## WORK ORDER
Please reproduce the lines from the one containing "かなの 山梨　風俗　デリヘル　 『ラブ＆ピース学園』（デリヘル）" through the end of the data below exactly as they stand, and omit all pictures.

## MATERIAL SHOWN
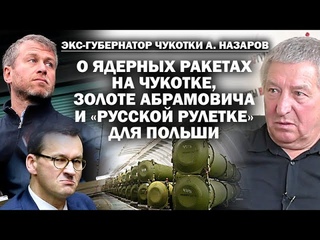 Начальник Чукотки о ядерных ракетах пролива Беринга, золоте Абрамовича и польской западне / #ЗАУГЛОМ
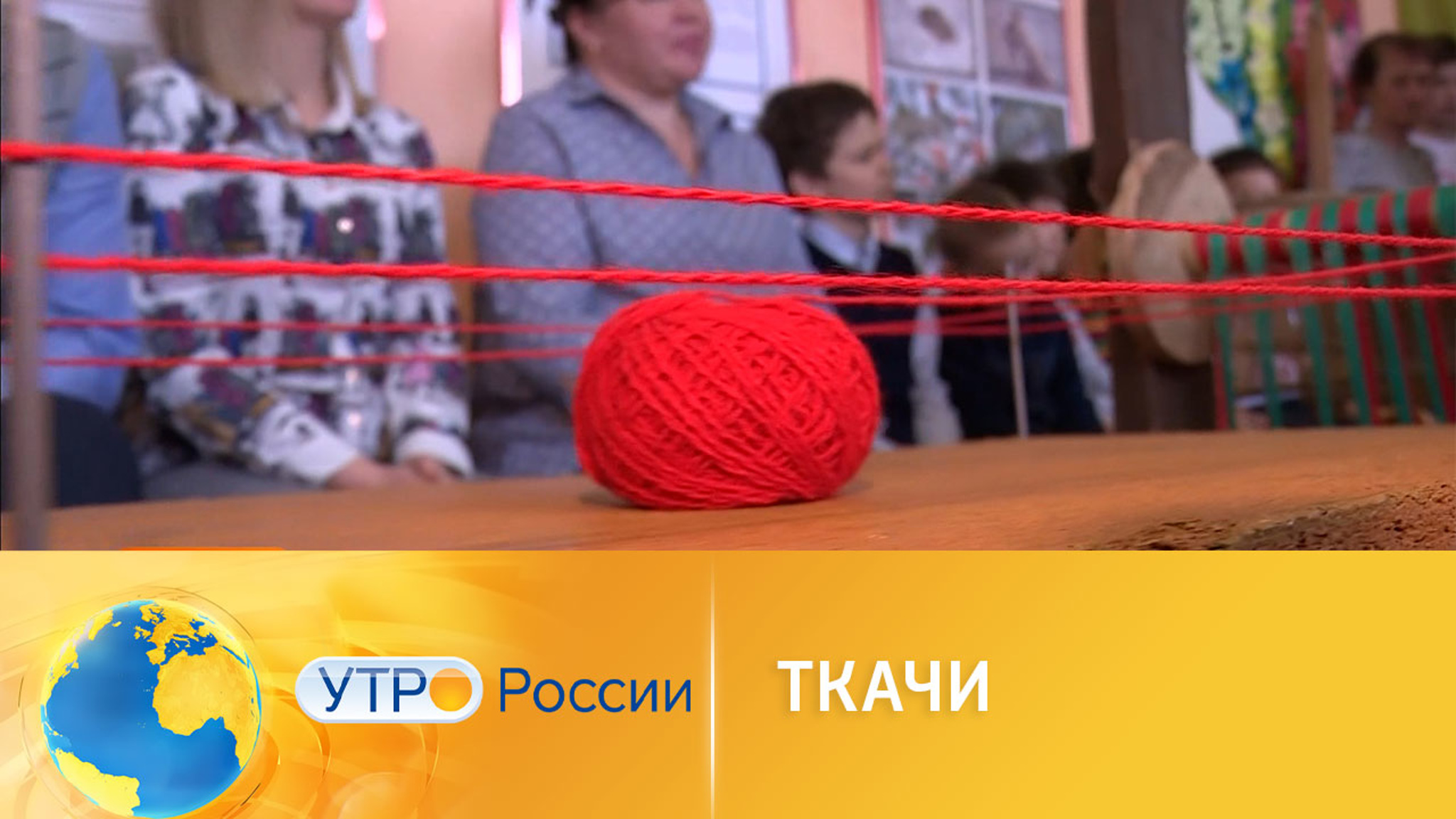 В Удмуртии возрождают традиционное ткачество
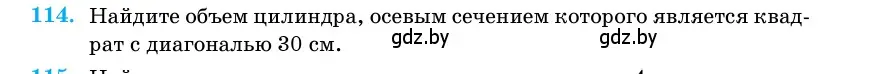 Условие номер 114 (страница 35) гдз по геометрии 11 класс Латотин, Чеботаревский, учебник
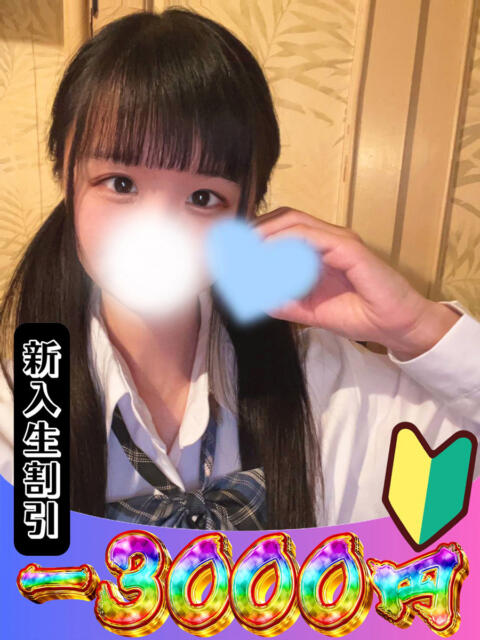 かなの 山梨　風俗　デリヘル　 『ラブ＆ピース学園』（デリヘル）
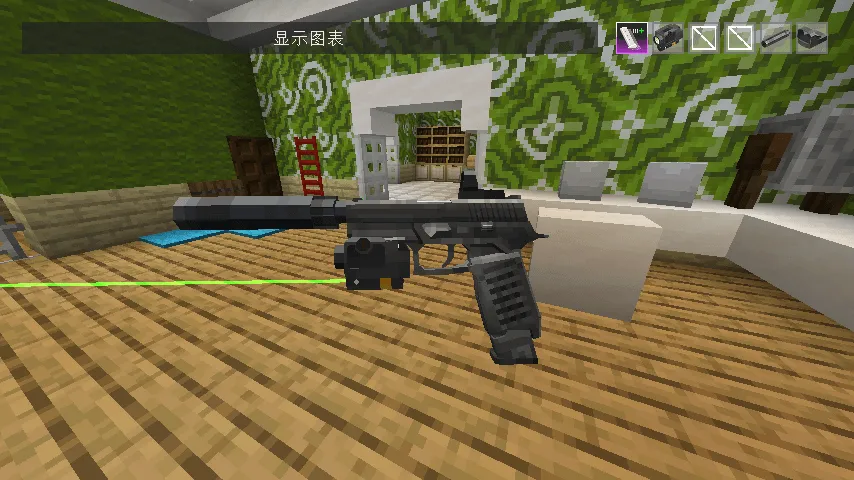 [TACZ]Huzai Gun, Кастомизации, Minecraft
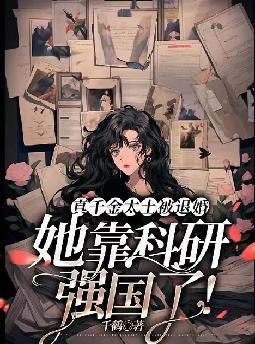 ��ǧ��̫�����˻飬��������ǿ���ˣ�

## SOLUTION FOR THIS PROBLEM
 かなの 山梨　風俗　デリヘル　 『ラブ＆ピース学園』（デリヘル）
 [TACZ]Huzai Gun, Кастомизации, Minecraft
 ��ǧ��̫�����˻飬��������ǿ���ˣ�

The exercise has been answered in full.